> _ASSIGNMENT_:
Below are some records; output exactly the lines from the line with "Hello, and welcome" to the line with "What's up everybody, Jason", both ends kept, and nothing more.

> _DATASET EXTRACT_:

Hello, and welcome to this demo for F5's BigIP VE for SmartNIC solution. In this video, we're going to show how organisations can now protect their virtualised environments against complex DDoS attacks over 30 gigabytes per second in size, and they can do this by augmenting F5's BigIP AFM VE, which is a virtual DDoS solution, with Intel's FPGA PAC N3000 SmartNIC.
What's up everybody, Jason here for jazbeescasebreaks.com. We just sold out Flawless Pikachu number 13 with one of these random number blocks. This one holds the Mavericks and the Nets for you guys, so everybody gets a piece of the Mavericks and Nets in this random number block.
---
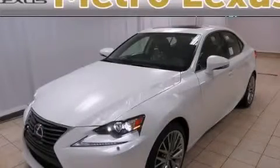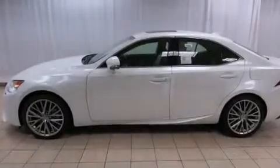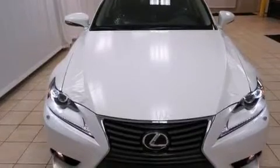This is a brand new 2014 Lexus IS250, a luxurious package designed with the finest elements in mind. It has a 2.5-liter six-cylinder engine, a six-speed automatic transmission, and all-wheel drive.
---
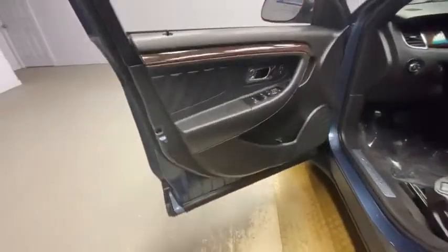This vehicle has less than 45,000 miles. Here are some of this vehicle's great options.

> _WRITTEN ANSWER_:
Hello, and welcome to this demo for F5's BigIP VE for SmartNIC solution. In this video, we're going to show how organisations can now protect their virtualised environments against complex DDoS attacks over 30 gigabytes per second in size, and they can do this by augmenting F5's BigIP AFM VE, which is a virtual DDoS solution, with Intel's FPGA PAC N3000 SmartNIC.
What's up everybody, Jason here for jazbeescasebreaks.com. We just sold out Flawless Pikachu number 13 with one of these random number blocks. This one holds the Mavericks and the Nets for you guys, so everybody gets a piece of the Mavericks and Nets in this random number block.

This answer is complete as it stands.